How to say, NO
It is very natural that we find it very hard to say NO to someone; or at least people like me finds it rude to say NO. Unless of course if you care less about what others think or about their feelings. It is very important to say NO sometimes, as saying YES to something you know you will not be able to accomplish will ruin your reputation in the long run or will give you unnecessary stress.
So, how does it affect Project Managers? Almost every day they face this indecision whether to say Yes or No and struggle to find an in between approach. I asked few of my fellow PMs about how exactly they deal with it; and all of them said it is hard as the path we are looking is disagree without being disagreeable. Using the correct words while disagreeing is very tough as not everyone is understanding or willing to listen to your side of the story.
Client wants multiple tasks to go LIVE on a Friday evening, developer requests you to approve his leave when you know multiple deadlines are coming, CEO asks you to take on couple of more projects when your hands are already full, these are just some of the scenarios we face on a daily basis where we want to say NO, but struggle to say so.
One approach that works to certain extent for me is trying to buy time; instead of giving an answer right away; I would say give me few moments, let me review it and get back to you. It gives me time to gather my thoughts and prepare a better answer. The other day, one of my client asked me to deploy 2 big tasks on a Friday evening. If I had said NO to him he would have been upset and get into an argument with me. But I said, let me get back to you on this.
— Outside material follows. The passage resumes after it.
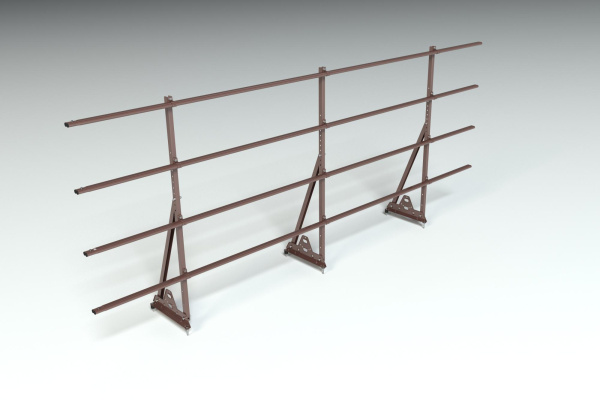 Ограждение кровельное, универсальное Roofsystems Elite Smart, H=1200 мм RAL 8017, L=3000 мм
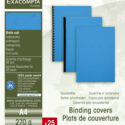 Exacompta Paquet de 25 plats couverture Forever A4 270g bleu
Then I wrote him a nice email after half an hour saying we can definitely deploy, but as there is no quality assurance team available at this moment or over the weekend to test it and if anything happens then I do not have anyone on call to fix it either. If that is okay with you, then I am ready to deploy. Within seconds, reply came in HOLD all deployments till Monday morning when you have the full team available. I could have said this on first conversation, but taking some time made him realize that I did investigate on my resources and even though I am not saying I would not deploy but I made him say NO, instead of it coming from my end.
It is an art itself, and it is possible that on first few instances you will actually appear to say NO while trying to delegate the situation or will take the bait from client and end up saying YES. But the more you will try, the better you will get at it. One thing to remember though, you should not make it a habit to say NO all the time, as everyone likes a YES person.